Sun: 3 miles, 21 minutes - got back way late from NYC, just did something short.
Mon: off, IT band bugging me from driving so much
Tue: 7.25 miles warmup and cooldown
20 minute tempo at the res - 8:15 for first loop, 8:45 for second (whoops)
w/ Steve, Paul, Colin, Pete, Dan - stuck with Colin.
11 miles total
Wed: 8.5 miles, 62 minutes
Thu: 7.5 miles, 55 minutes
Fri: 10 miles, 72 minutes
Sat: 6 miles warmup and cooldown
5 x 4 minutes on, 1 minute off - about 4 miles.
With Steve, Pete, Dan - did most of it with Pete.

total: 50 miles, 352 minutes

Summah Wrapup

Wednesday, September 15, 2010
So my attempts to update this weekly over the summer were in vain. I got busy and lazy, so I'm just going to summarize my summer miles and launch right into cross country season and pretend the temporary hiatus of this blog o' the webs never happened.

O'er the summer I ran 410 miles in 9 weeks, giving me a solid average of 45.5. Not bad! I said many times, and I'll say it again: running in the summer in a humid environment is like slowly having your teeth sandpapered. I don't deal with it well. This is still probably my best summer of running ever - I don't know that I've managed to crack 60 in a summer before besides counting cross-training as mileage. It did feel a lot easier than summers past, probably just because I got started earlier in the summer and wasn't a fat blob at the hottest point. I think I also ran most of my easy runs quicker than I usually do - my typical pace used to be more in the 7:30 range but I'm down around 6:45 - 7:15 nowadays.
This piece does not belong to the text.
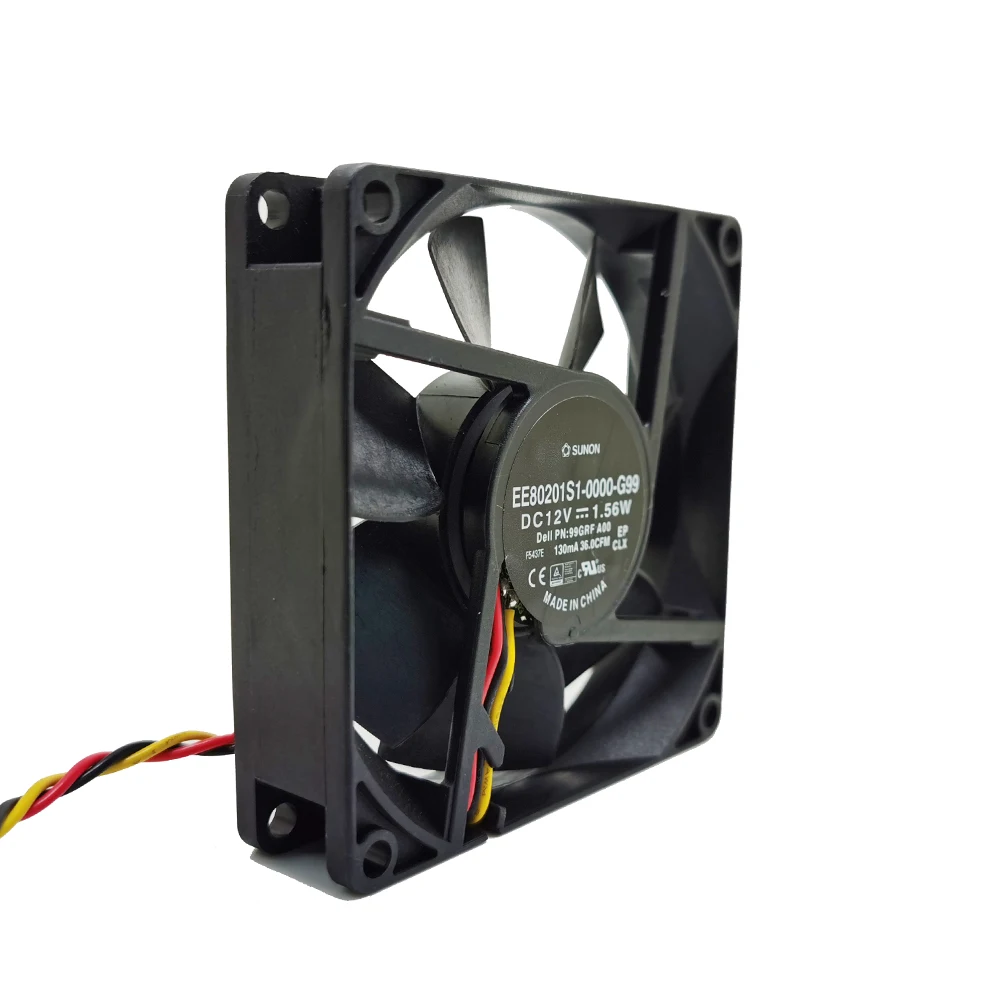 For SUNON EE80201S1-0000-G99 XMN4N A00 DC 12V 0.6A 80x80x20mm Server Cooling Fan 4 WIRES PMW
I flubbed one week or two - I wanted to try and run basically over 50 the entire time. There was one back in July where I think I ran 10 miles...somehow got sick in the middle of summer.

I managed to keep things going pretty well when I went to Chicago to visit one half of the family, but not so much visiting the Southerners for the Southern Baptist-Jewish wedding. Yeah, I am surprised it happened too.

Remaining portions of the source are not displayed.